El evento tanguero más grande del planeta ya late en la Ciudad y se extiende hasta el 2 de septiembre.

Buenos Aires volvió a convertirse, desde hoy, en la capital mundial del tango 🌍. Arrancó una nueva edición del Tango BA Festival y Mundial 2026, y durante casi dos semanas la Ciudad va a vibrar al ritmo del dos por cuatro con más de 2 mil artistas en escena y una multitud de fanáticos de todas las edades recorriendo cada rincón porteño.
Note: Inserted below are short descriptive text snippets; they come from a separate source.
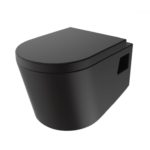 SKAY - Λεκάνη κρεμαστή μαύρη μάτ με κάλυμμα - HUIDA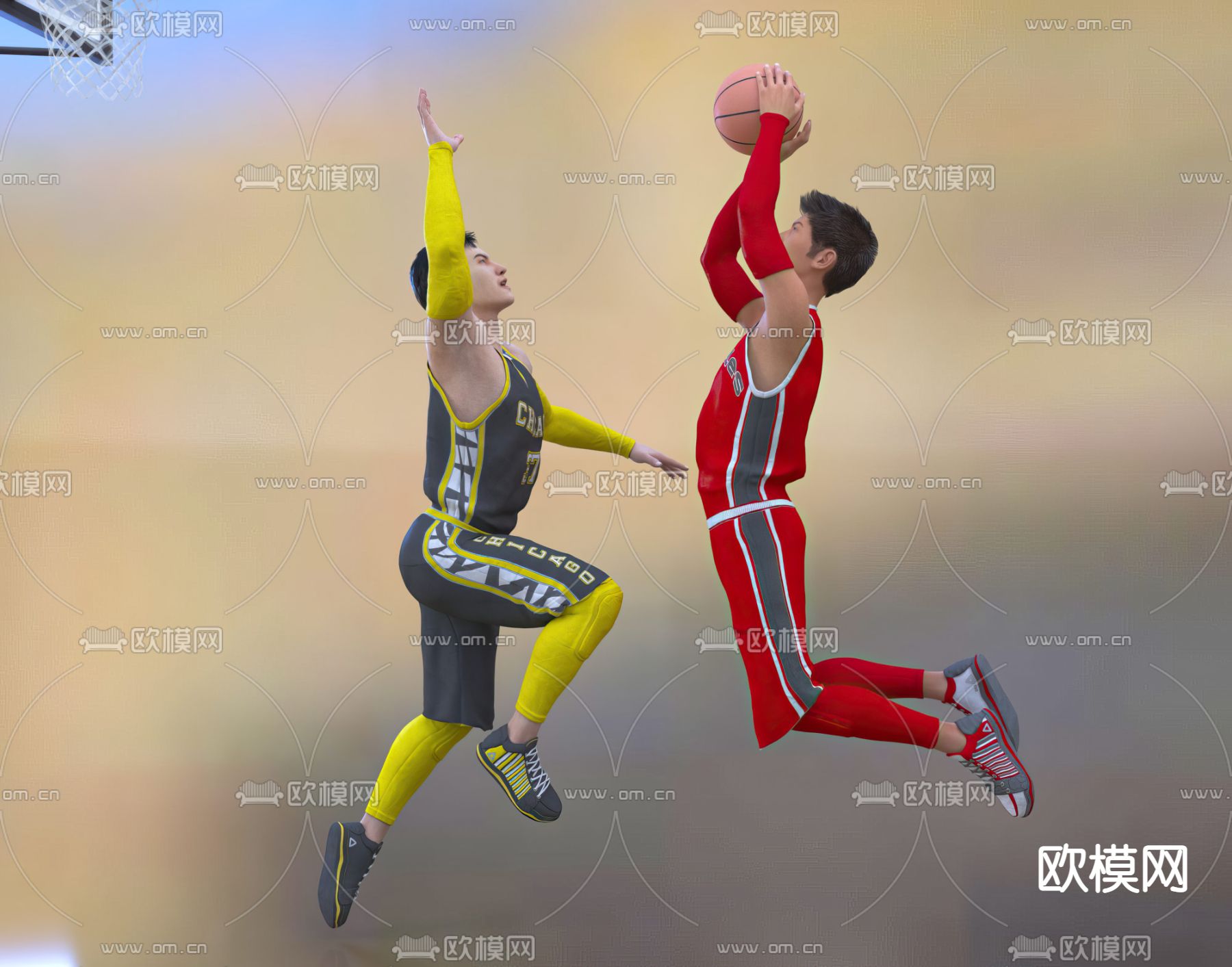 打篮球男人3d模型下载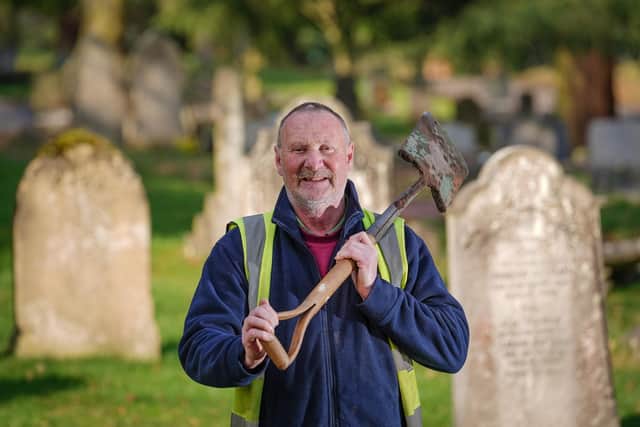 Mick Woods at Mansfield Cemetery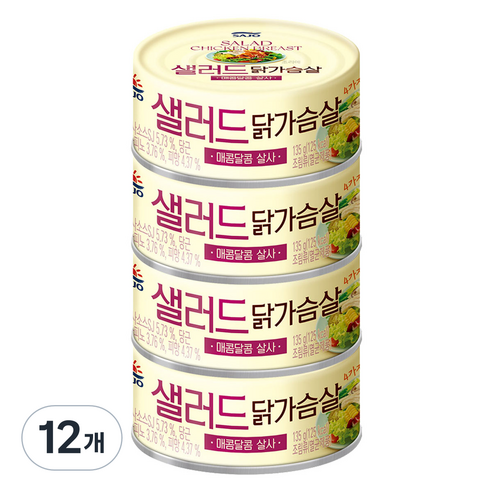 사조 샐러드 닭가슴살 매콤달콤 살사 통조림, 135g, 12개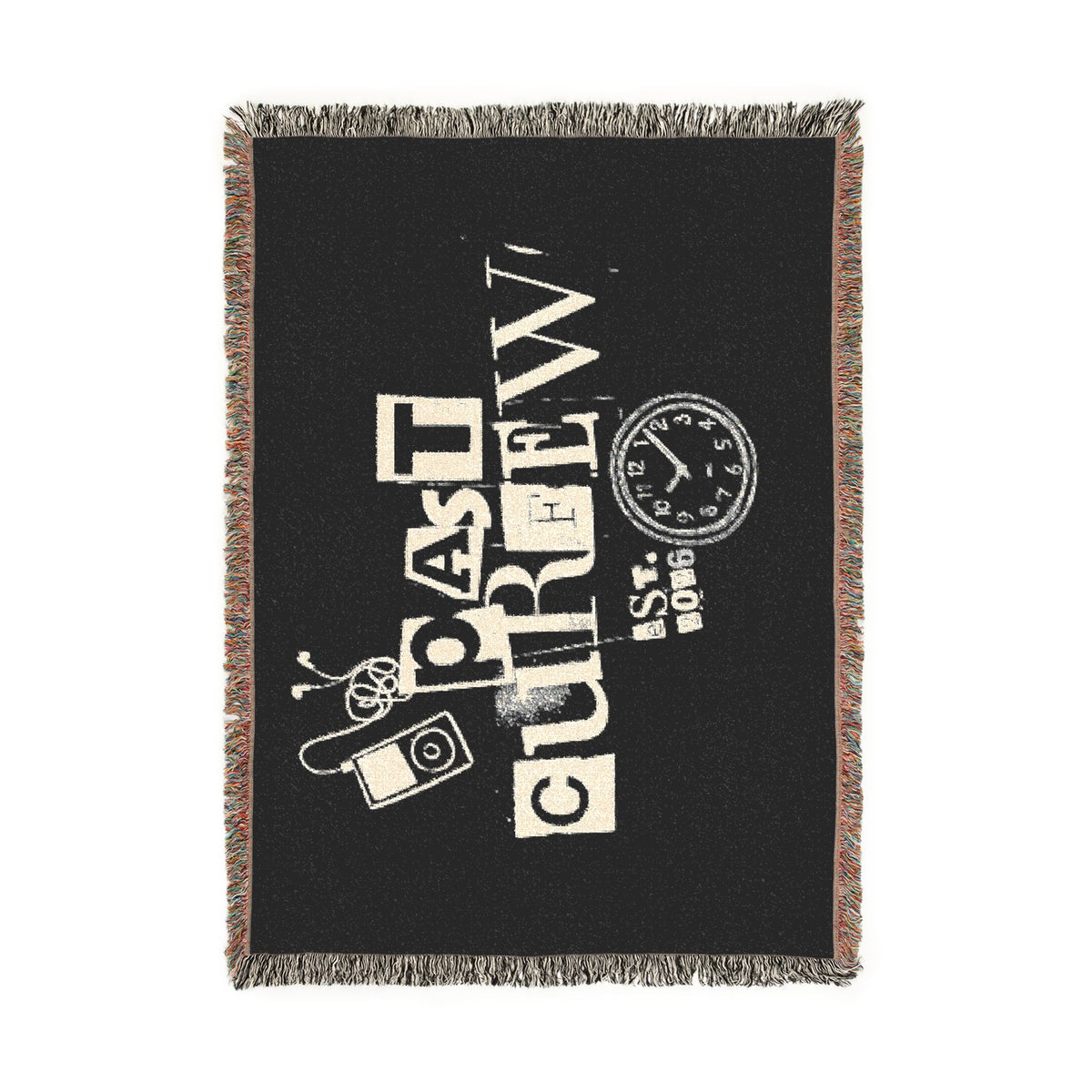 Past Curfew Woven Blanket — Retro Ransom-Note Design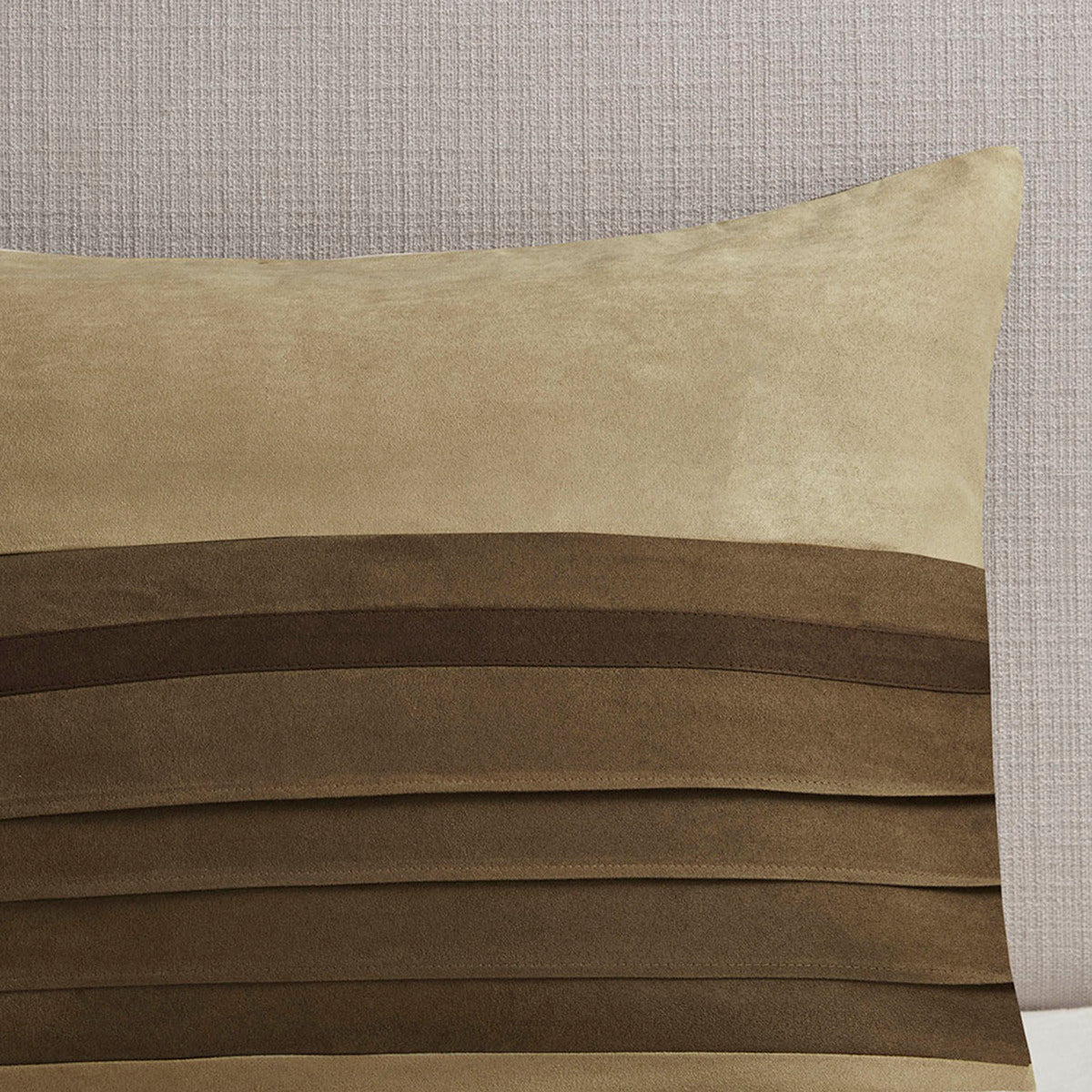 7 PC Pieced Faux Suede Comforter Set Natural Cal King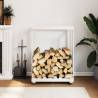 Log Holder with Wheels White 76.5x40x108 cm Solid Wood Pine Colour white 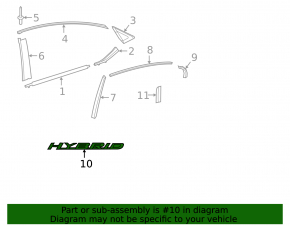 Эмблема двери Hybrid задняя правая Lexus ES250 ES300h ES350 19-23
“Buenos Aires es la capital mundial del tango, pero lo más importante es que el tango se ha vuelto mundial. Conquistó cada rincón del planeta y sigue transformándose, combinando a los clásicos con los nuevos”, lanzó Jorge Macri durante la apertura oficial, dejando en claro que este no es un festival más, sino la vidriera cultural más importante que tiene la Ciudad para mostrarle al mundo 🎭.

Los números y los datos que hacen de este el evento tanguero más grande del mundo 📊

El Tango BA Festival y Mundial lo organiza el Gobierno porteño a través del Ministerio de Cultura, y esta edición viene con cifras que impresionan:

  • 🎶 Unos 150 conciertos, exhibiciones y clases de danza, además de milongas, encuentros de divulgación, proyecciones, muestras y hasta una feria de productos.
  • 🏛️ Actividades repartidas en 34 barrios y 50 sedes porteñas, entre ellas el Teatro Colón, el Teatro San Martín, el Teatro Gran Rex, la Usina del Arte y el mítico Museo Casa Carlos Gardel.
  • 💃 La 24ª edición del Mundial de Tango reunirá a 800 parejas de 47 países, de las cuales apenas 60 llegarán a la gran final: 40 en Tango de Pista y 20 en Tango Escenario.
  • 🎤 Un cartel artístico de lujo, con nombres como Sexteto Mayor, Sandra Mihanovich, Néstor Marconi, Adriana Varela, Julieta Laso, Guillermo Fernández y la Orquesta Típica Fernández Fierro, entre muchísimos otros.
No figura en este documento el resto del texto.